The Notes were linked to life insurance policies and payment on the Notes was contingent on mortality rates amongst a set of 'reference lives' to which the relevant life insurance policies related.

Secure Capital claimed Credit Suisse knew or ought to have known that information provided in the issuance documentation was misleading because mortality tables used to generate the expected life expectancies were shortly due to be updated, the result of which would render the Notes effectively worthless.

The Notes were subject to a set of conditions, which included the Programme Memorandum, the Product Supplement and the Pricing Supplement.

The Pricing Supplement contained a term that the issuing bank, Credit Suisse, had "taken all reasonable care to ensure that the information contained in this Pricing Supplement when taken together with the other Issue Documentation is true and accurate in all material respects and that...there are no other material facts the omission of which makes misleading any statements herein..."

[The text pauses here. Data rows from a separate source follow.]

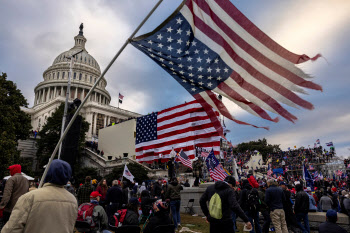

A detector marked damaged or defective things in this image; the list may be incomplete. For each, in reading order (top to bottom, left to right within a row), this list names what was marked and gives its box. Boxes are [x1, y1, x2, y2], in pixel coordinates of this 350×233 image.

large torn american flag [134, 101, 219, 163]
large torn american flag [131, 0, 320, 134]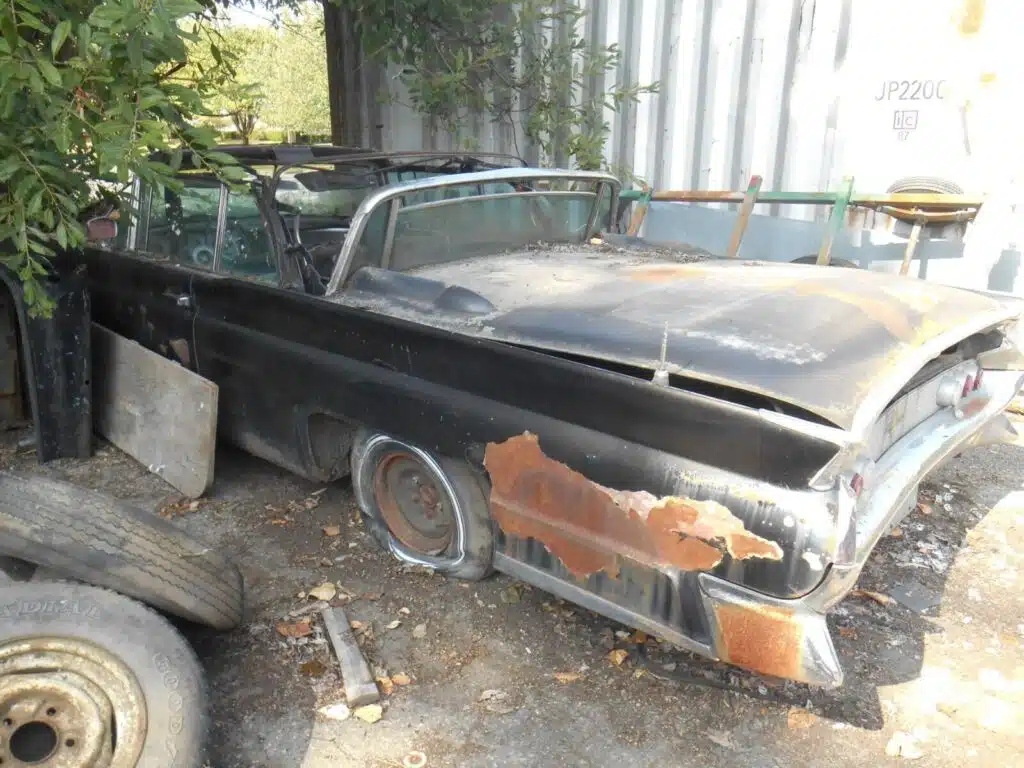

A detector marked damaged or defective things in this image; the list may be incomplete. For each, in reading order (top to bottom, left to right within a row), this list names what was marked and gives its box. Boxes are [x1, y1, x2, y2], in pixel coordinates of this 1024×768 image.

rusted car body [72, 147, 1024, 688]
corroded wheel [352, 432, 496, 584]
rust patch [482, 436, 784, 580]
corroded wheel [0, 636, 146, 760]
rust patch [708, 604, 804, 680]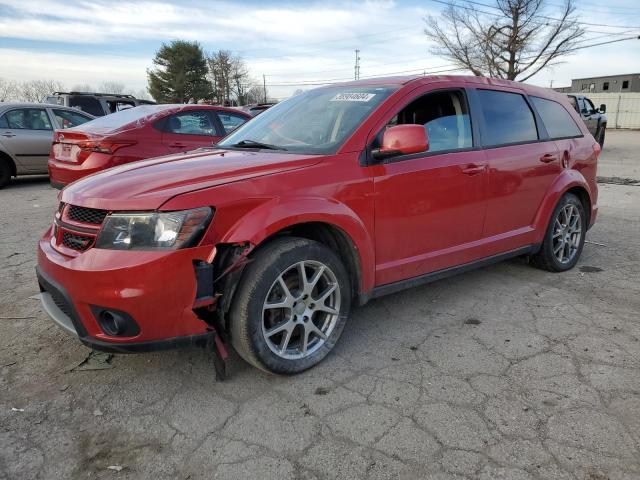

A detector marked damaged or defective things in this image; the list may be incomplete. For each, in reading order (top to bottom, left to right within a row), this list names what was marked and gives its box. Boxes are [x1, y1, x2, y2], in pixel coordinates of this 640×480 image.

exposed wheel well [0, 151, 16, 177]
damaged red suv [38, 76, 600, 376]
cracked asphalt [1, 131, 640, 480]
exposed wheel well [568, 186, 592, 227]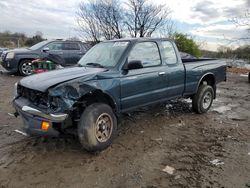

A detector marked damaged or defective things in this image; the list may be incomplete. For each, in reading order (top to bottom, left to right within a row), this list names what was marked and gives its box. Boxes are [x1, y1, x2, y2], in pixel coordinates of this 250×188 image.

crumpled hood [19, 67, 105, 92]
damaged truck [12, 38, 227, 151]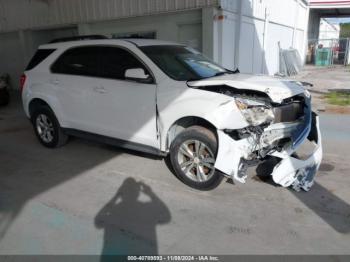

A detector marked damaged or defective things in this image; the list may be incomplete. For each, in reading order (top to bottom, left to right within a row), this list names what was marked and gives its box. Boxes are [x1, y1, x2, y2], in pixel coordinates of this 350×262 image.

crumpled hood [187, 73, 304, 103]
broken headlight [237, 98, 274, 127]
damaged bumper [215, 112, 324, 192]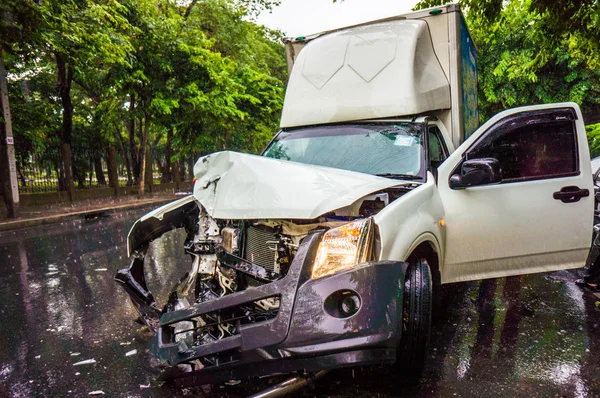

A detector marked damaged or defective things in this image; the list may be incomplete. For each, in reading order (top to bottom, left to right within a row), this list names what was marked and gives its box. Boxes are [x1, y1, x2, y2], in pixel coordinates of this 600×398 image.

damaged front bumper [116, 197, 408, 388]
crashed front end [115, 152, 410, 386]
crumpled hood [195, 151, 404, 219]
broken headlight [312, 218, 372, 280]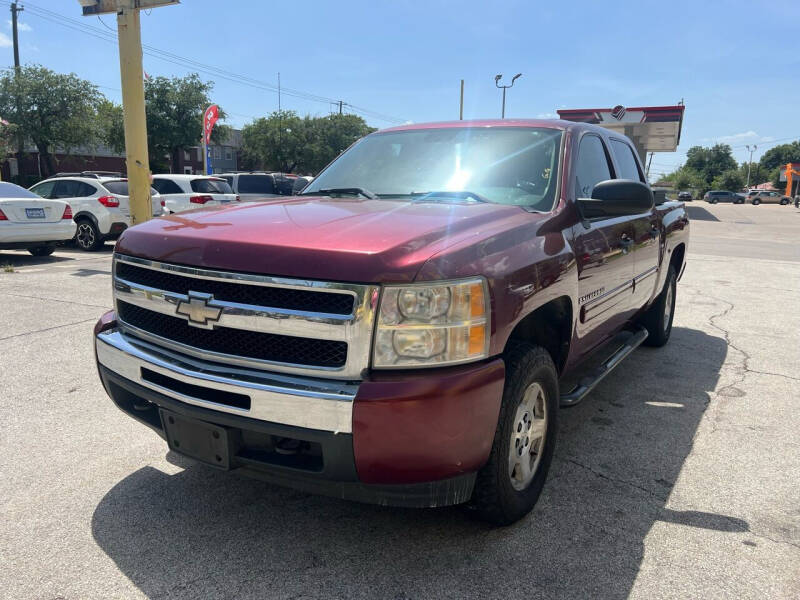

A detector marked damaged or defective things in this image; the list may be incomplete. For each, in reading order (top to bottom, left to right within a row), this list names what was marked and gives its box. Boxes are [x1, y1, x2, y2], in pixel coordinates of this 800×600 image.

cracked pavement [0, 204, 796, 596]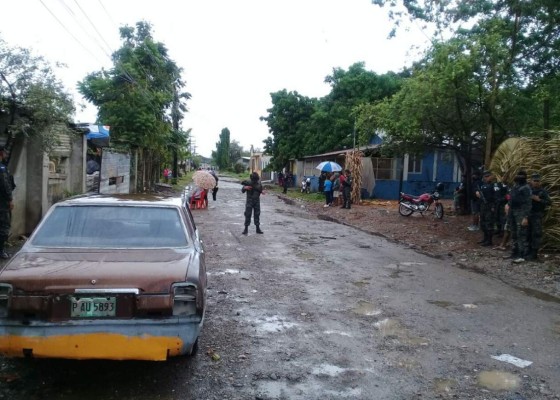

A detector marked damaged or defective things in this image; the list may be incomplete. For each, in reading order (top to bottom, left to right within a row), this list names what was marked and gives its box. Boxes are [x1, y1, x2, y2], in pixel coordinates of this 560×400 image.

rusty old car [0, 194, 207, 362]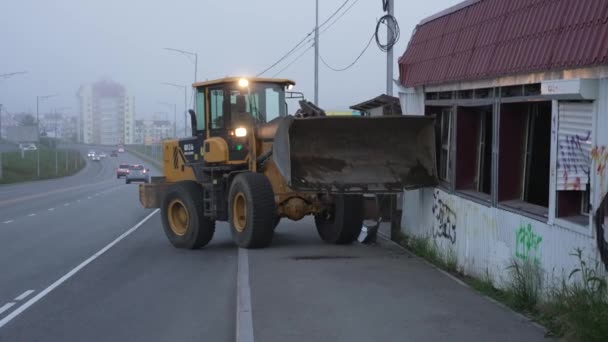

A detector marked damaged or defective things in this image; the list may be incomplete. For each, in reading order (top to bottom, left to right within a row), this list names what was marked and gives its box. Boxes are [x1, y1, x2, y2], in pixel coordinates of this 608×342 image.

rusty metal panel [396, 0, 608, 87]
broken window [428, 106, 452, 182]
broken window [456, 106, 494, 198]
broken window [498, 100, 552, 215]
rusty metal panel [556, 100, 592, 191]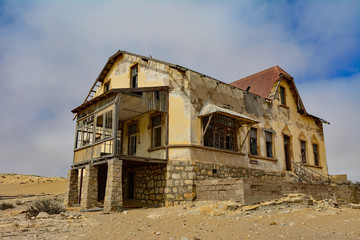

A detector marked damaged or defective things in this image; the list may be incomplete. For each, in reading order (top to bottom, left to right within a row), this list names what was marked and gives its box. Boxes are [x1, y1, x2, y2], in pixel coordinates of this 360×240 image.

broken window [75, 115, 94, 147]
broken window [202, 114, 236, 150]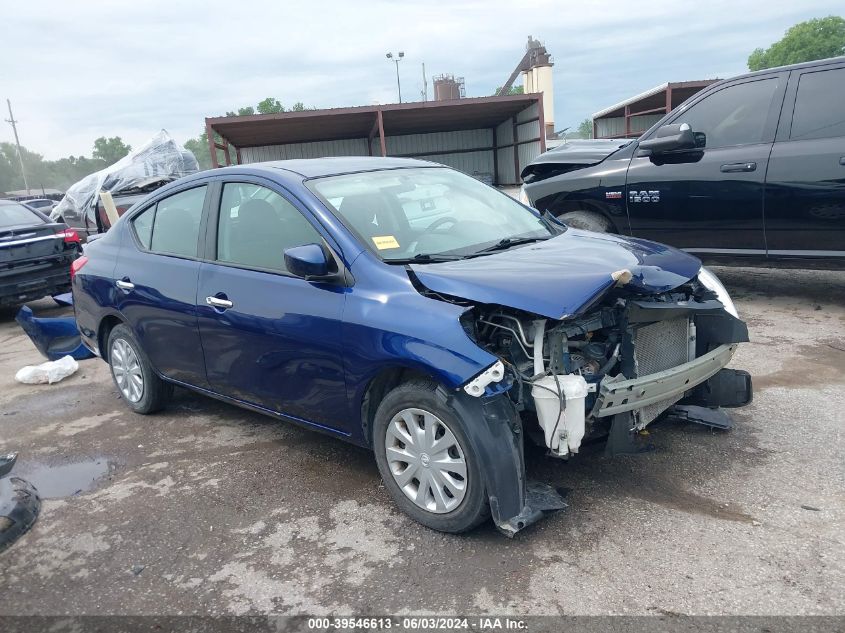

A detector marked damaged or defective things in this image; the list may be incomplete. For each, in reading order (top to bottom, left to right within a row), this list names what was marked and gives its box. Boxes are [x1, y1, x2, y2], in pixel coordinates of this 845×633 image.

broken plastic piece [15, 354, 79, 382]
broken plastic piece [15, 306, 93, 360]
crashed blue car [69, 158, 748, 532]
damaged front end [422, 266, 752, 532]
detached bumper cover [592, 344, 736, 418]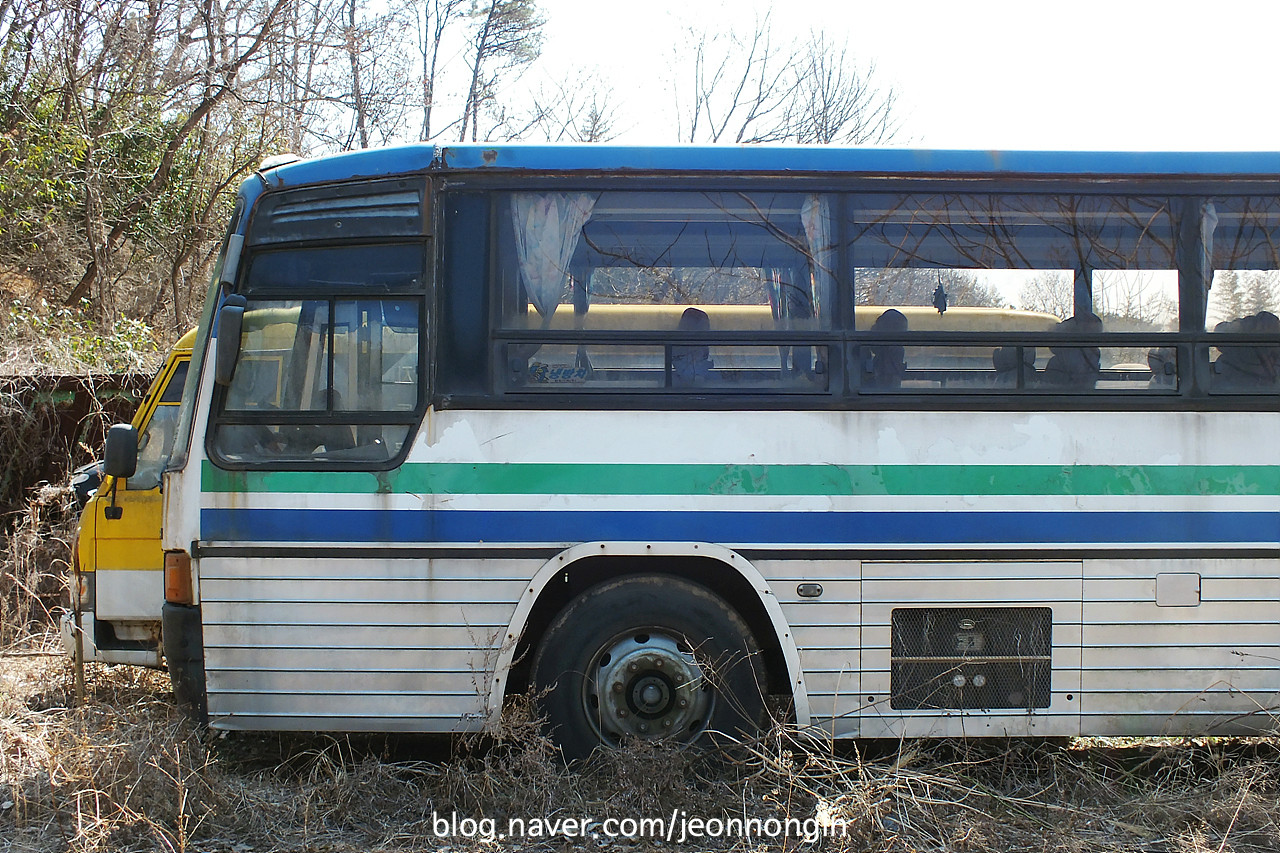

The Programme Memorandum determined that the bearer would be deemed to be the absolute owner of the Notes; that the securities were governed by English law with the issuer agreeing to the jurisdiction of the English courts; and that rights of third parties to enforce any terms of the conditions were expressly excluded.

Further, the Clearstream system operated on the basis of a 'no look through' principle, whereby each party has rights only against their own counterparty.

At first instance

Secure Capital's claim was for damages for breach of contract. It sought to rely on a 2001 Luxembourg law on the Circulation of Securities (the 2001 Law) (Luxembourg law being the law under which Clearstream operated), which it said entitled account owners to exercise certain rights attached to the Notes, including to bring proceedings against the issuer for a breach of a term of the Notes. 

Credit Suisse defended the claim on the basis that Secure Capital had no contractual relationship with it; that the applicable law was English law and that the 2001 Law was therefore irrelevant.

At first instance, Hamblen J identified the "fundamental issue" as the question of which was the applicable law. Following Raiffeisen Zantralbank Osterreich v Five Star Trading [2001] QB 825 he saw the decision as involving a three stage test:

  1. Characterisation of the relevant issue;
  2. Selection of the rule of conflict of laws which lays down a connecting factor for that issue; and
  3. Identification of the system of law which is tied by that connecting factor to that issue.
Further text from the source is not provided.